- Church: Roman Catholic Church
- See: Karachi
- In office: 2004 – 2012
- Predecessor: Simeon Anthony Pereira
- Successor: Joseph Coutts
- Previous post: Archbishop of Karachi

Orders
- Ordination: 6 January 1968 by Joseph Cordeiro
- Consecration: 25 April 2000 by Alessandro D'Errico
- Rank: Archbishop

Personal details
- Born: 31 December 1933 (age 92) Goa, Portuguese India
- Education: St. Pius X Minor Seminary, Christ the King Seminary, Pontifical Urban University, Pontifical Biblical Institute

= Evarist Pinto =

Pakistani archbishop

Evarist Pinto (born 31 December 1933 in Goa, Portuguese India) is the former archbishop of Karachi, Pakistan.

==Education==
He was educated at St. Thomas High School, Goa, India. In 1960 he started studying for priesthood at the St. Pius X Minor Seminary in Quetta. He continued his religious training at the Christ the King Seminary in Karachi, where he was ordained a priest on 6 January 1968. He is fluent in 10 languages including English, Urdu, Punjabi, Hebrew, Greek, Latin, Italian, German, French and Konkani.

==Career==
Father Pinto taught Sacred Scripture at Christ the King Seminary and from 1987 to 1993 was pastor of St. Lawrence’s Church, Karachi.

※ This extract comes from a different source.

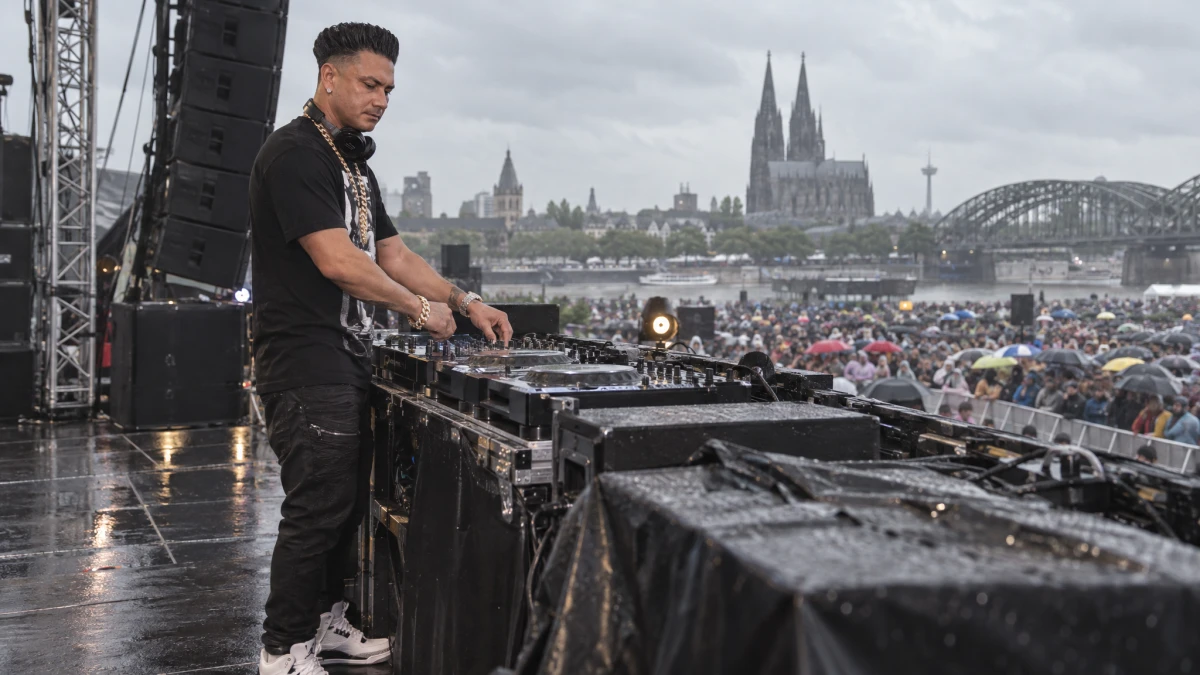 DJ Pauly D macht Nikki Hall beim eigenen DJ-Set einen Antrag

He obtained a doctorate in biblical theology at the Urbanian University, Rome, and a master's degree in sacred scripture at the "Biblicum". On 17 February 2000 he was appointed Auxiliary Bishop of Karachi by Pope John Paul II. He became Archbishop of Karachi on 5 January 2004 on the retirement of the incumbent Archbishop Simeon Anthony Pereira. The seat of the Archdiocese of Karachi is at Saint Patrick's Cathedral, Karachi. He selected as his motto "Preach the Good News to the Poor".

On 30 April 2006 the Archdiocese attended the first-ever Catholic film screened in Pakistan. It was presented as "a historical moment" to the 450 guests at the premier of Muhjza [Miracle], held in St Paul's Parish, Azam Basti.

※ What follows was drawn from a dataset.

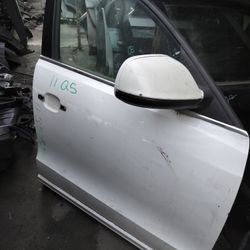2011 Audi Q5 Right Front Door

In April 2008 Pinto performed the groundbreaking on the 2,044 square meter site of the new St. Pius X Minor Seminary.

The 12th General Ordinary Assembly of the Synod of Bishops took place in Rome from 5–26 October 2008. Archbishop Pinto represented the Catholic Bishops' Conference of Pakistan at the Synod.

In July 2011, Pinto attended the ground-breaking ceremony for the new St. John Marie Vianney Church in St Paul's Parish, Azam Basti. The Archdiocese plans to construct five new Churches in 2011.

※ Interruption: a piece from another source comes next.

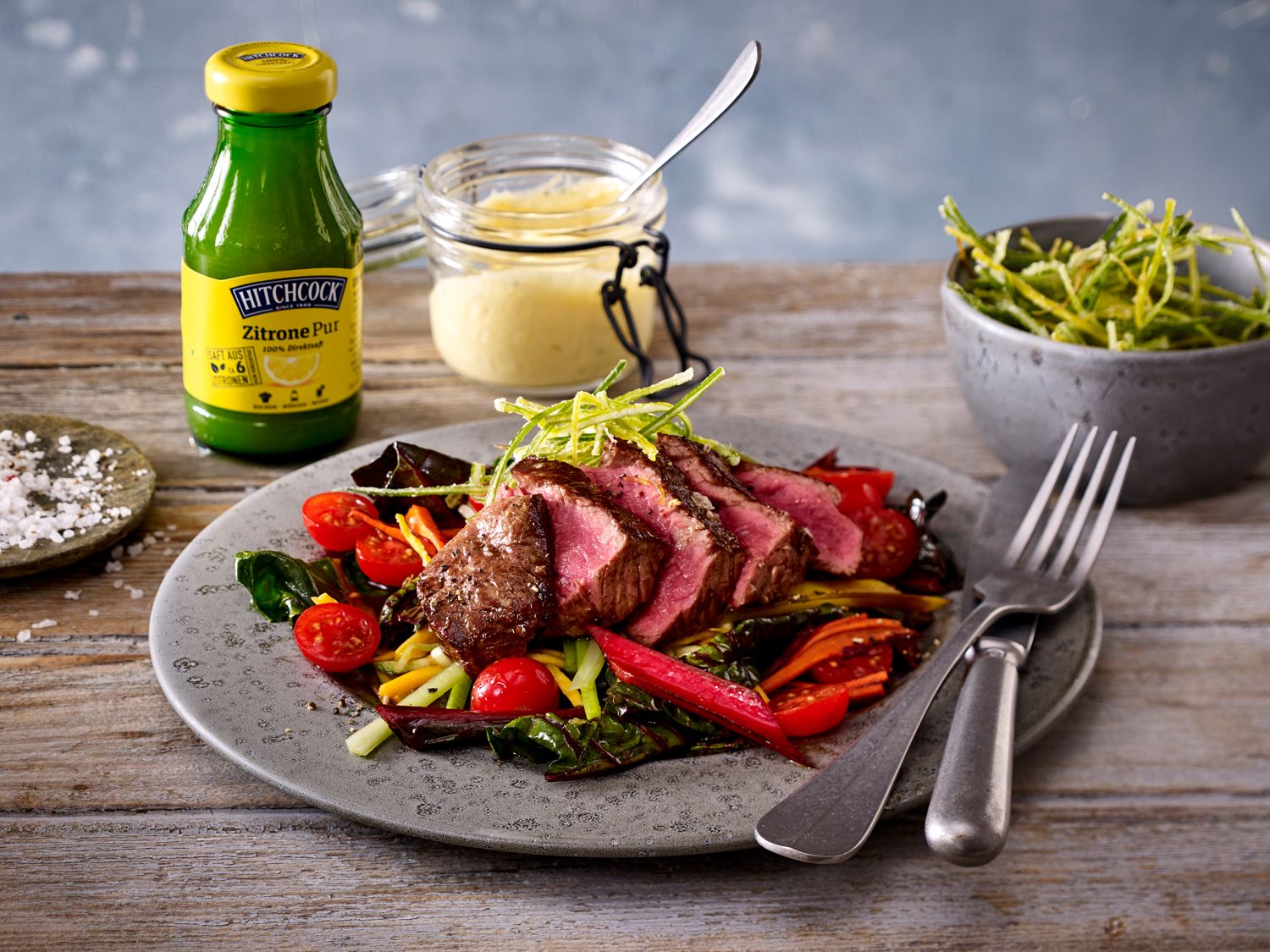 Rinderfilet mit Gemüsesalat und Zitronenmayonnaise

On 25 January 2012, Archbishop Pinto resigned after reaching the age of 75. Pope Benedict XVI appointed Bishop Joseph Coutts of Faisalabad as his replacement.

==Post-retirement==

After retirement Pinto spends much of his time writing books on Catholicism. He is the author of 31 books in English and many of these have been translated into Urdu.